**Description of the task**
Below is a listing. Gather each line of it that contains "with".

**Data**
= = = =

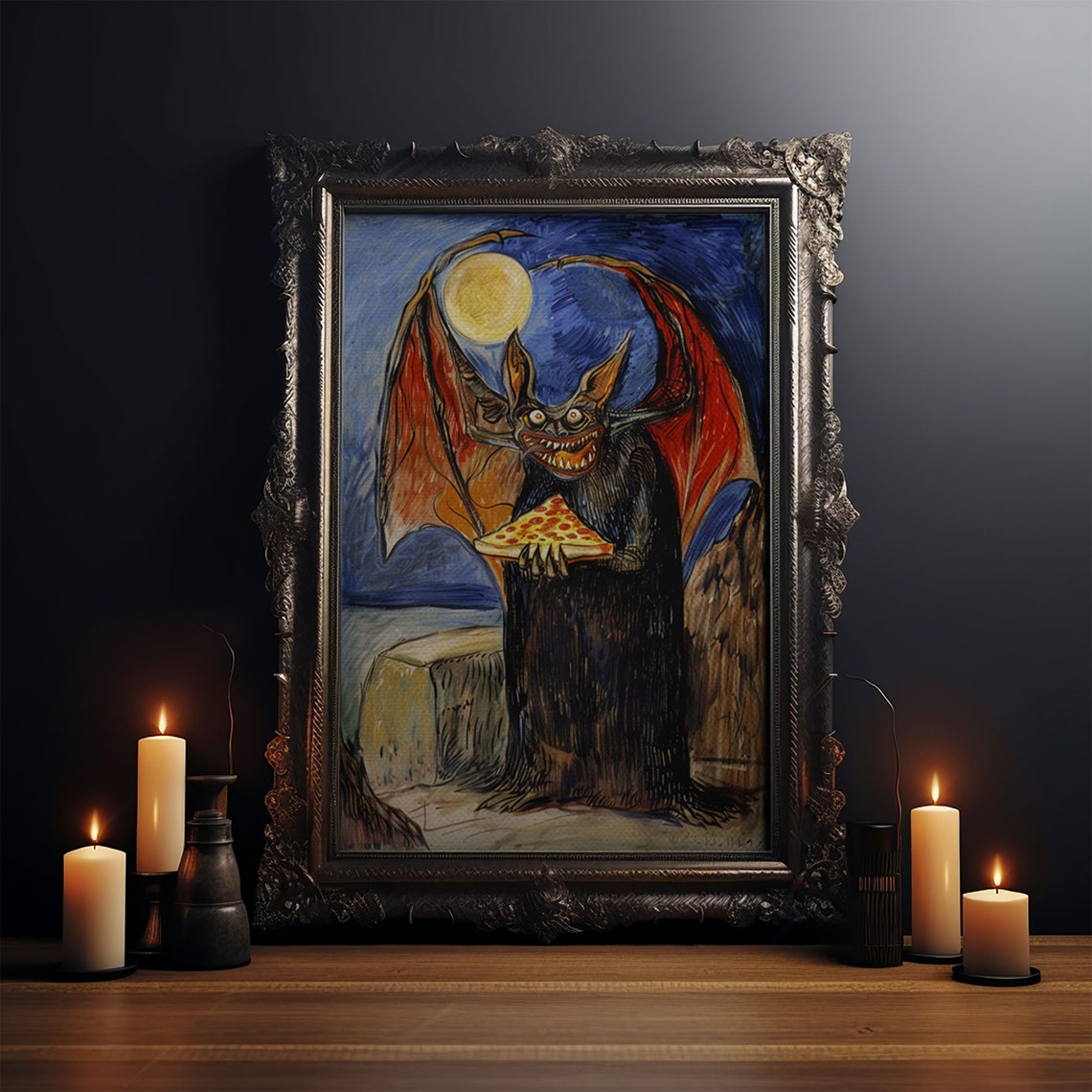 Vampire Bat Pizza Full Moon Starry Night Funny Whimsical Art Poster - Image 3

= = = =

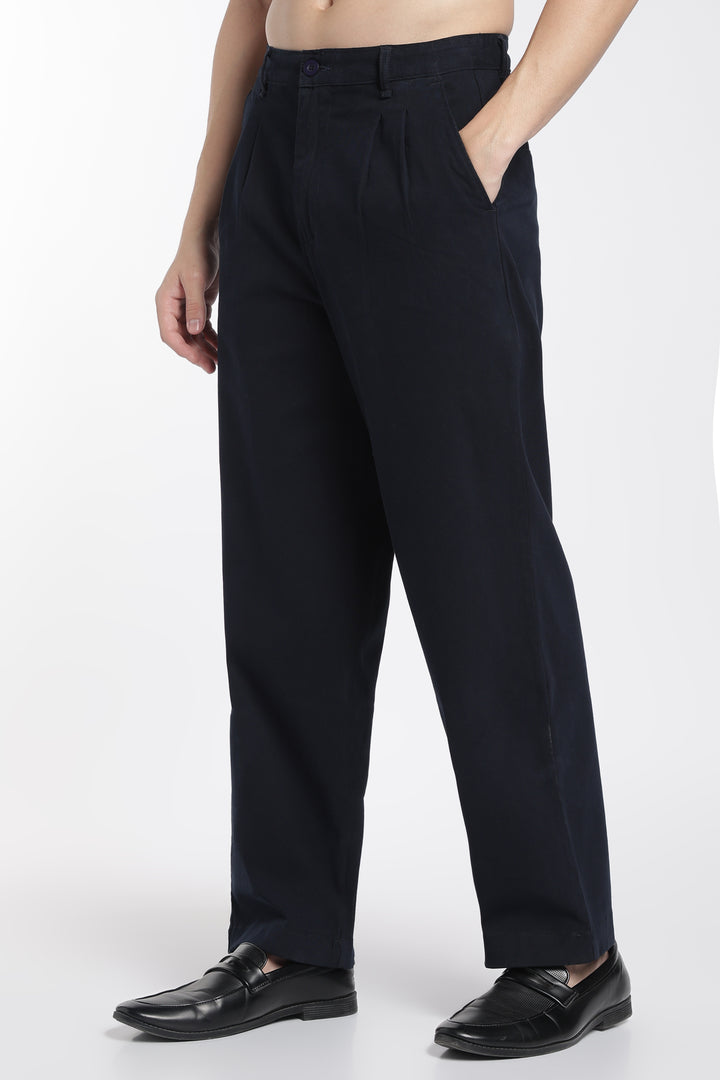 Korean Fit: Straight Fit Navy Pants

= = = =

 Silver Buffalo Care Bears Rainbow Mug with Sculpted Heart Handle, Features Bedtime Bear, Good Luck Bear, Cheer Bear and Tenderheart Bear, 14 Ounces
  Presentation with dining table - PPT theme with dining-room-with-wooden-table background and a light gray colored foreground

= = = =

**Exercise result**
 Silver Buffalo Care Bears Rainbow Mug with Sculpted Heart Handle, Features Bedtime Bear, Good Luck Bear, Cheer Bear and Tenderheart Bear, 14 Ounces
  Presentation with dining table - PPT theme with dining-room-with-wooden-table background and a light gray colored foreground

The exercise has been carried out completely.